### Activity
Please return only the lines from the one with "home for lease on TH40-1050 Portage Pkwy" through the final line of the data, unchanged, with pictures omitted.

### Exercise data

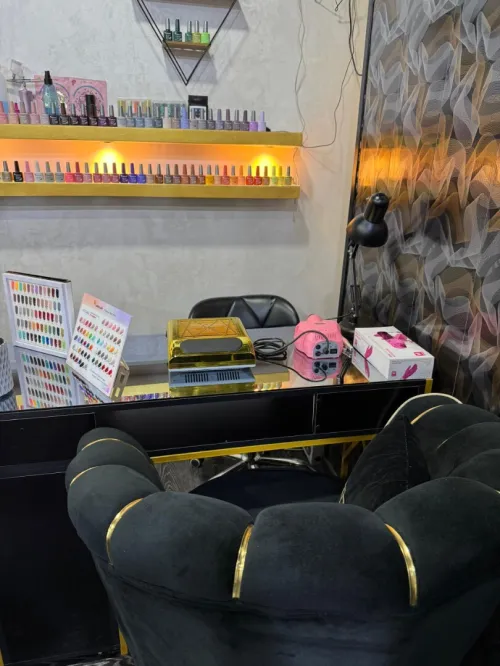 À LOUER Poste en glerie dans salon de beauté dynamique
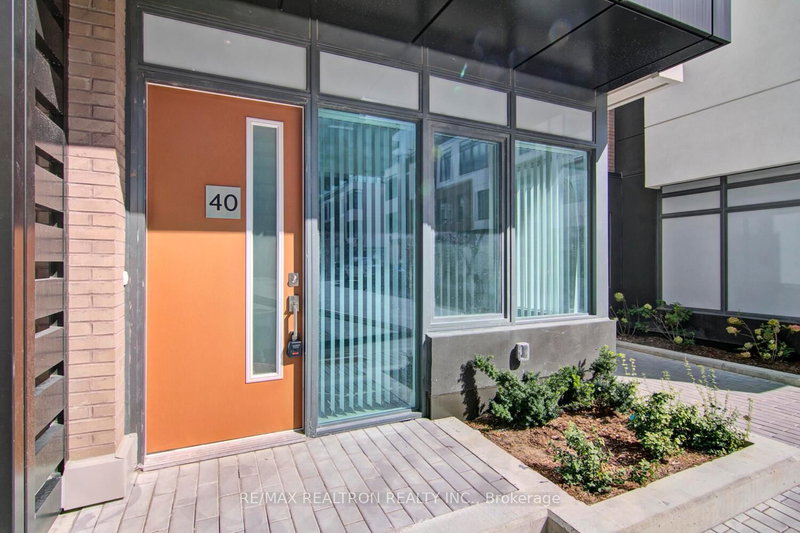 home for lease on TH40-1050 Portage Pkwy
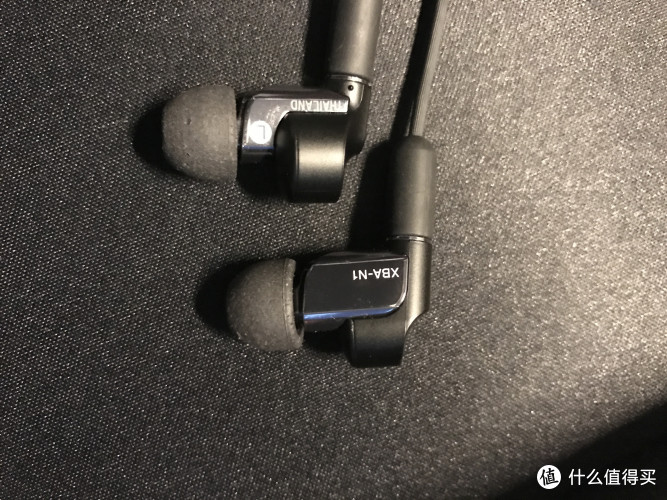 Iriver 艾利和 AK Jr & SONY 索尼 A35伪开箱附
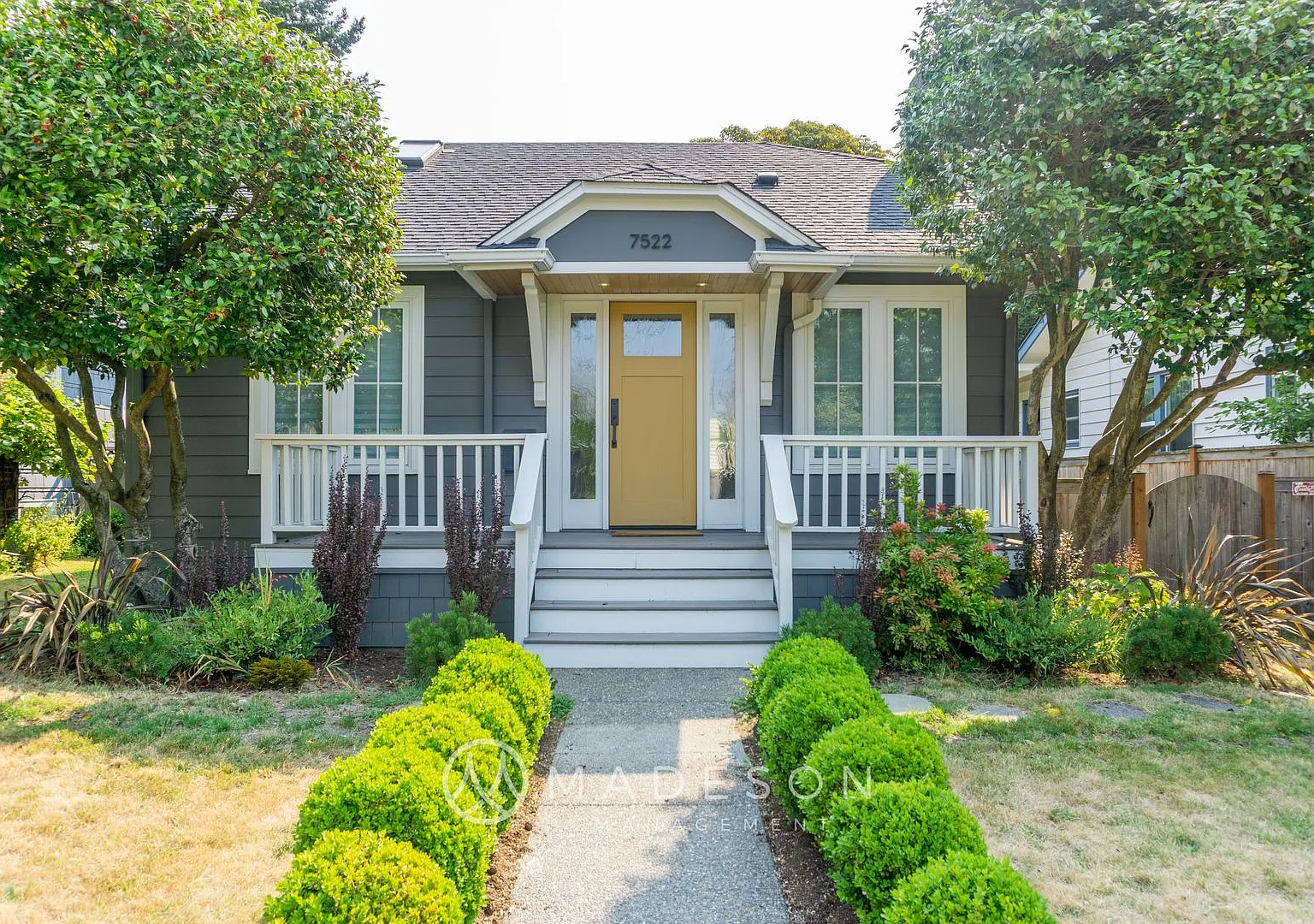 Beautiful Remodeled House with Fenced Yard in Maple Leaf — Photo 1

### Task answer
 home for lease on TH40-1050 Portage Pkwy
 Iriver 艾利和 AK Jr & SONY 索尼 A35伪开箱附
 Beautiful Remodeled House with Fenced Yard in Maple Leaf — Photo 1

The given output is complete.